● **Problem description**
Please return the lines below verbatim, beginning at the one that has "FILE PHOTO: Employees" and stopping after the one that has "Eine moderne Küche", and add no other lines.

● **Dataset records**
•••

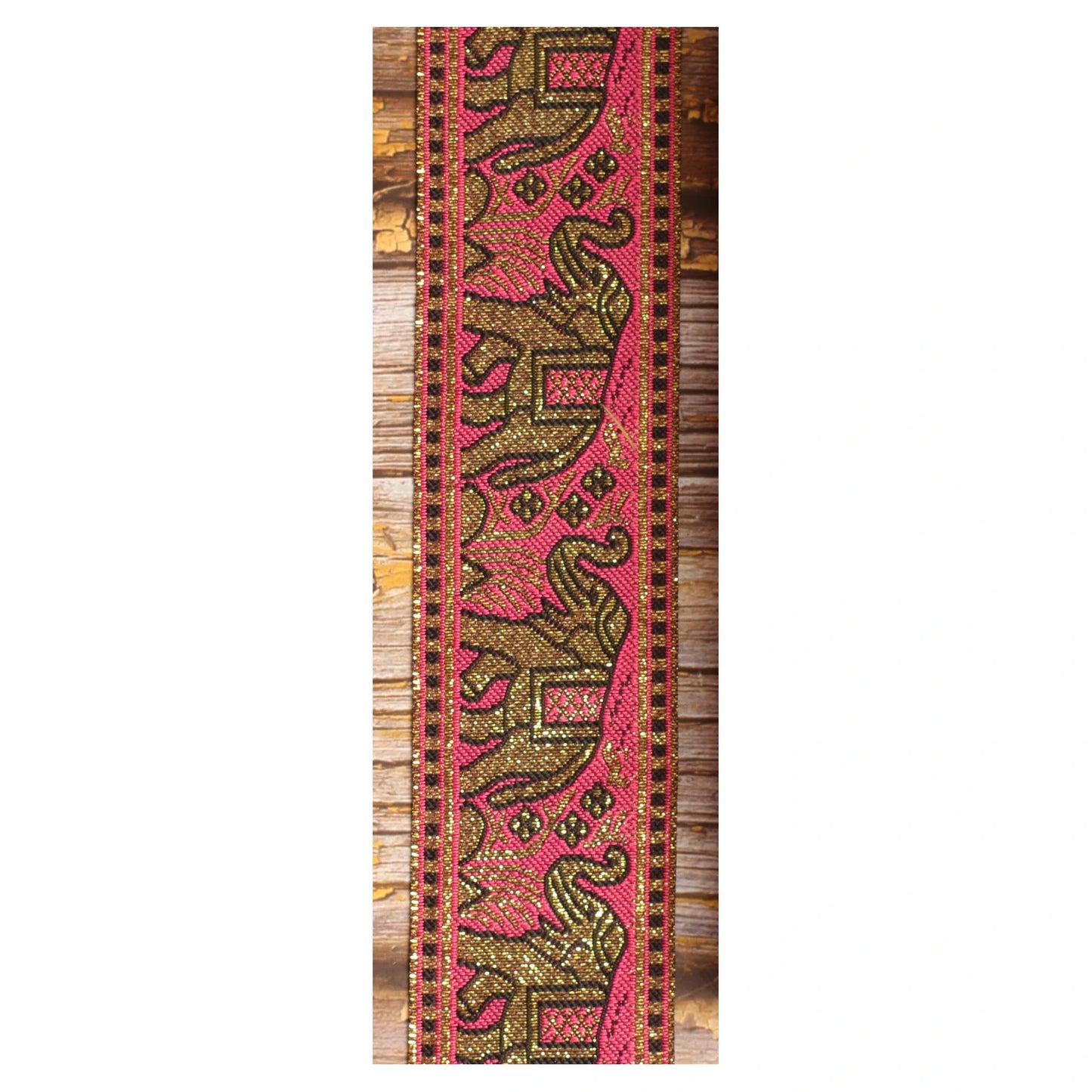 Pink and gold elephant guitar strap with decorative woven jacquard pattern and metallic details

•••

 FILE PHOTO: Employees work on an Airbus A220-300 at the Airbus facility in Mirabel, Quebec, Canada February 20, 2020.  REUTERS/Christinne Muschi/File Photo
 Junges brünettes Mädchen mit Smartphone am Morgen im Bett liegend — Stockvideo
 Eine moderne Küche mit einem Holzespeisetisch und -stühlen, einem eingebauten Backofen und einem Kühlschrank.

•••

● **Result below**
 FILE PHOTO: Employees work on an Airbus A220-300 at the Airbus facility in Mirabel, Quebec, Canada February 20, 2020.  REUTERS/Christinne Muschi/File Photo
 Junges brünettes Mädchen mit Smartphone am Morgen im Bett liegend — Stockvideo
 Eine moderne Küche mit einem Holzespeisetisch und -stühlen, einem eingebauten Backofen und einem Kühlschrank.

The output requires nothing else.